Retype word for word the stretch of entries below from the line that has "2020 ~ 2022y" through the line that has "Mahindra Scorpio-n 2025", and omit the pictures.
Top of DATASET RECORDS
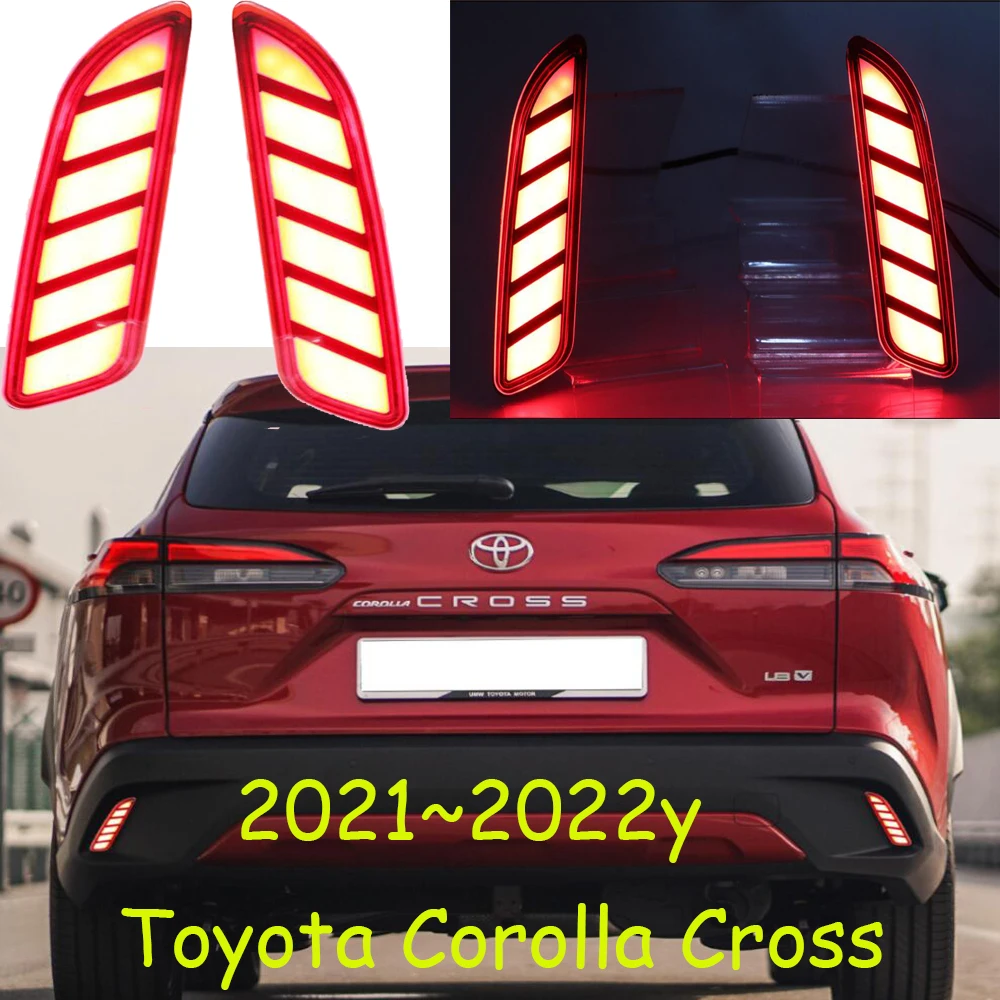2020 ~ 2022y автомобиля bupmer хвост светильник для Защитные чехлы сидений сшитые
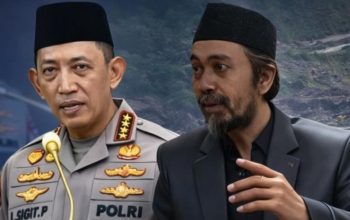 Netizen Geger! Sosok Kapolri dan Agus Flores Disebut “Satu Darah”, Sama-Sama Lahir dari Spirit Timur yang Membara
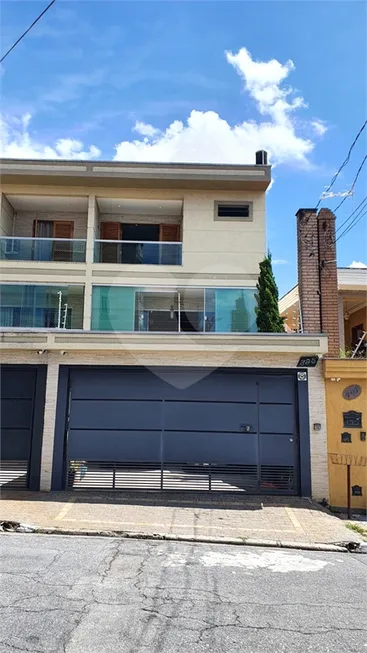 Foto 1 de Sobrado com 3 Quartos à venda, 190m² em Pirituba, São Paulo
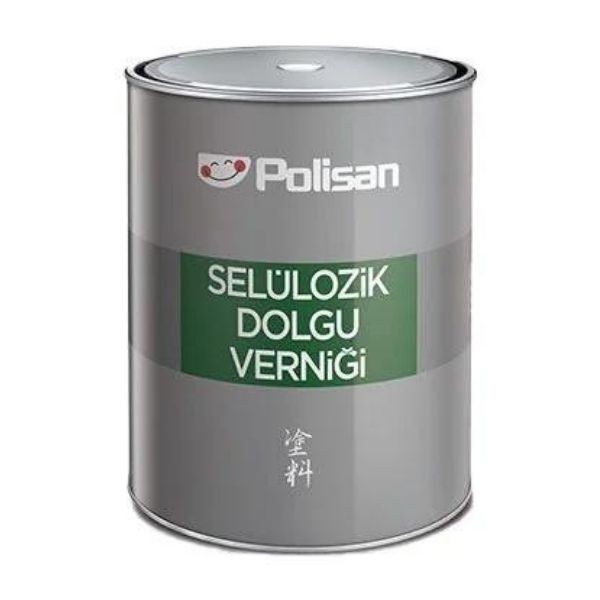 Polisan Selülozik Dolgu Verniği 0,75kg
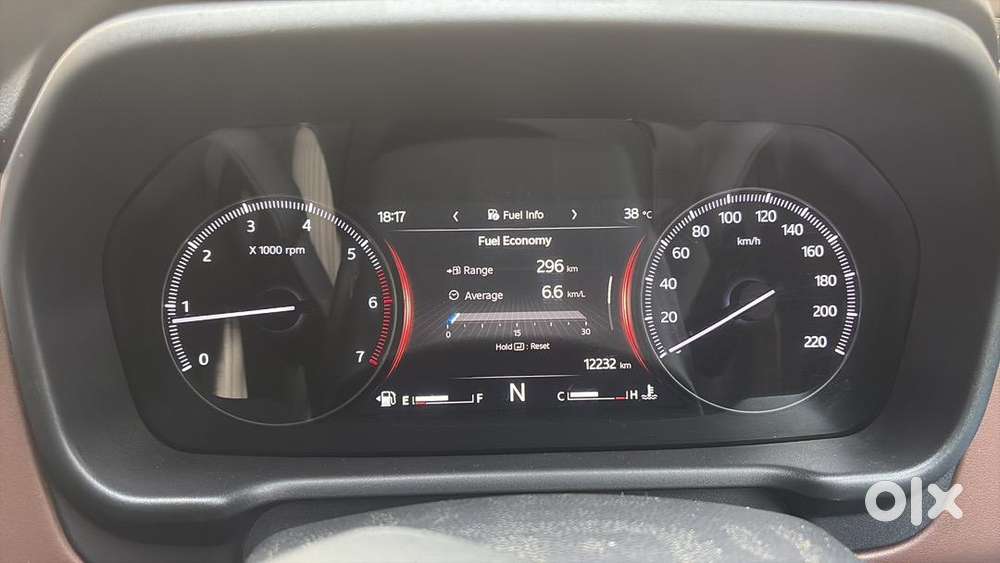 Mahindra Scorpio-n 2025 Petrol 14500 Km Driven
Bottom of DATASET RECORDS
Top of DATASET RECORDS
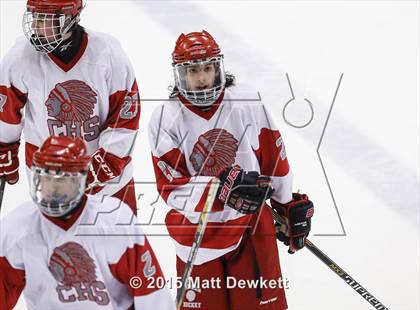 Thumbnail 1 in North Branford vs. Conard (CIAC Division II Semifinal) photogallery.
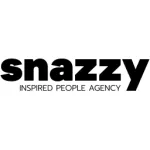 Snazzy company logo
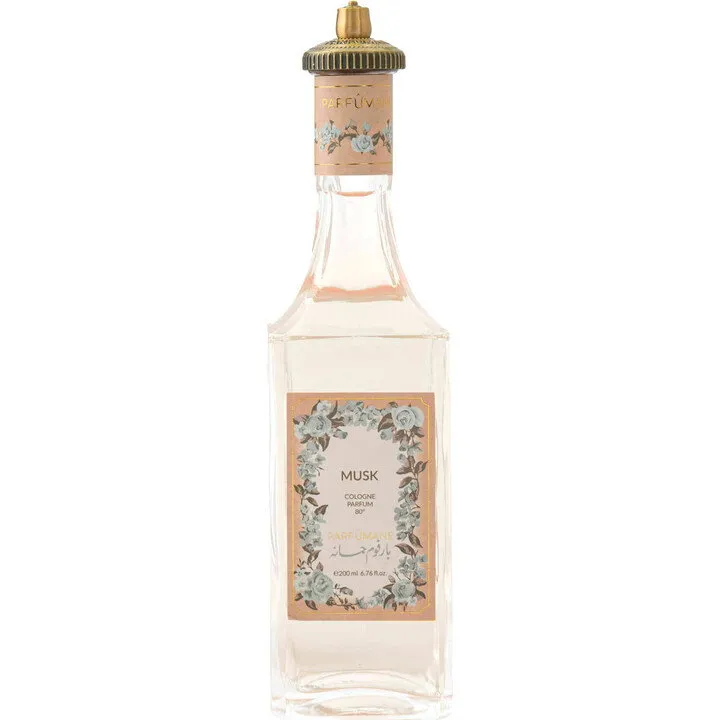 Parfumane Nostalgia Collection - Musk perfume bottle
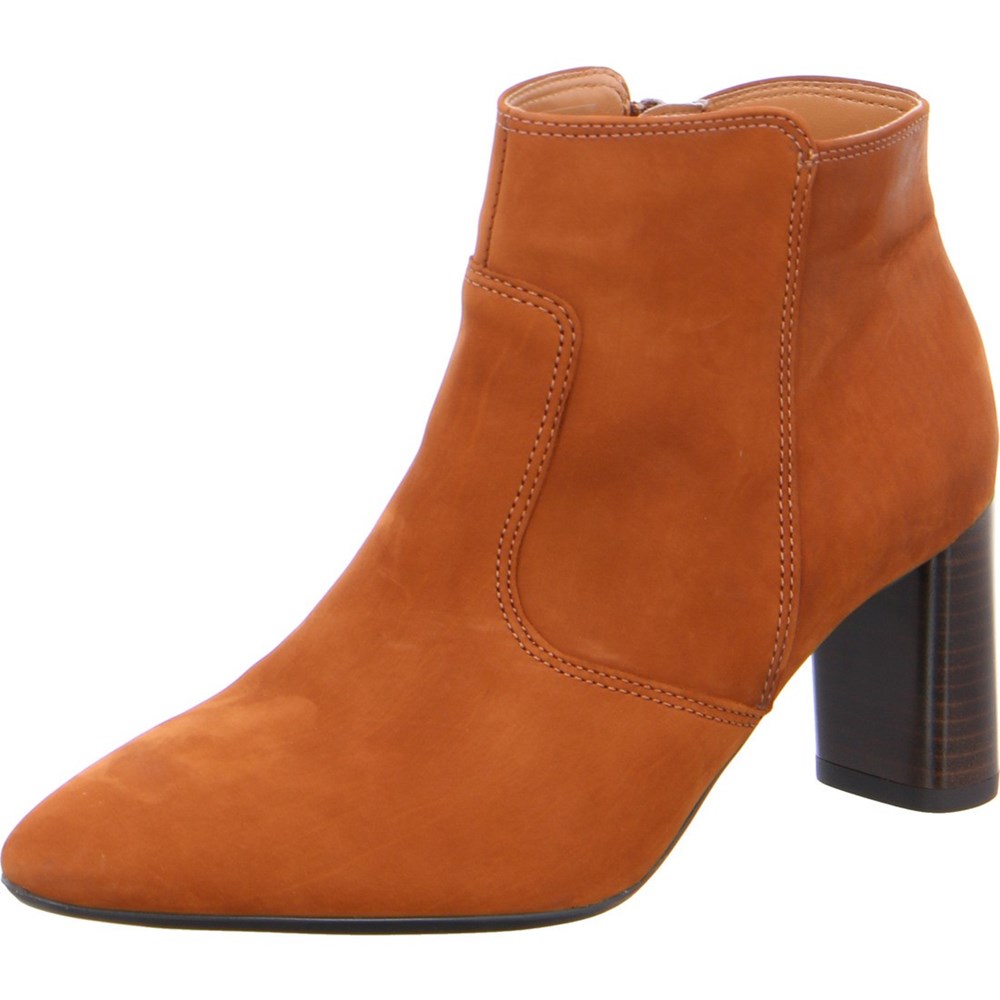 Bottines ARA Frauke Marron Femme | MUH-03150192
Bottom of DATASET RECORDS
Top of DATASET RECORDS
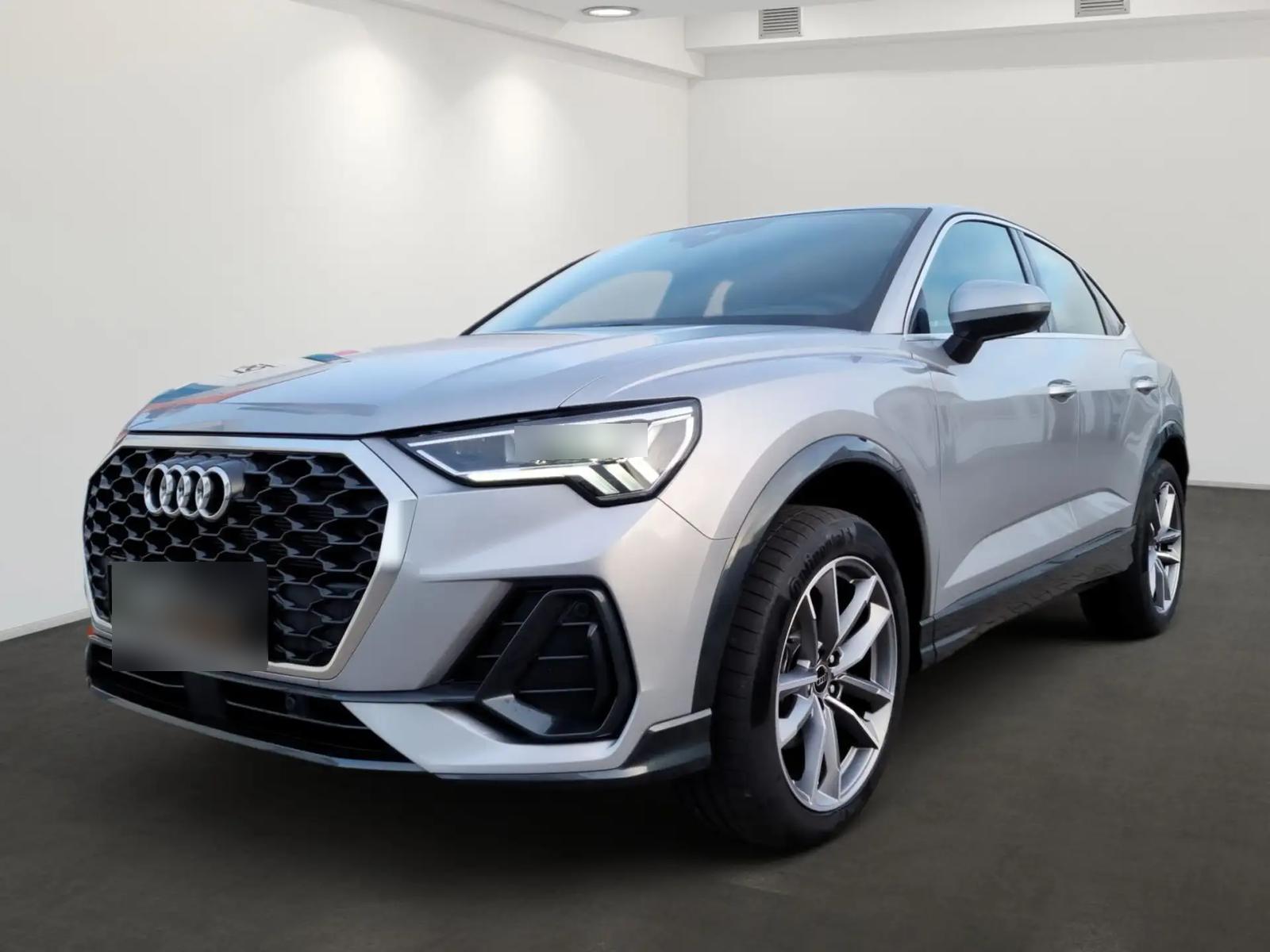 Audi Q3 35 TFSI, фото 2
Bottom of DATASET RECORDS
● ANSWER BOX
2020 ~ 2022y автомобиля bupmer хвост светильник для Защитные чехлы сидений сшитые
 Netizen Geger! Sosok Kapolri dan Agus Flores Disebut “Satu Darah”, Sama-Sama Lahir dari Spirit Timur yang Membara
 Foto 1 de Sobrado com 3 Quartos à venda, 190m² em Pirituba, São Paulo
 Polisan Selülozik Dolgu Verniği 0,75kg
 Mahindra Scorpio-n 2025 Petrol 14500 Km Driven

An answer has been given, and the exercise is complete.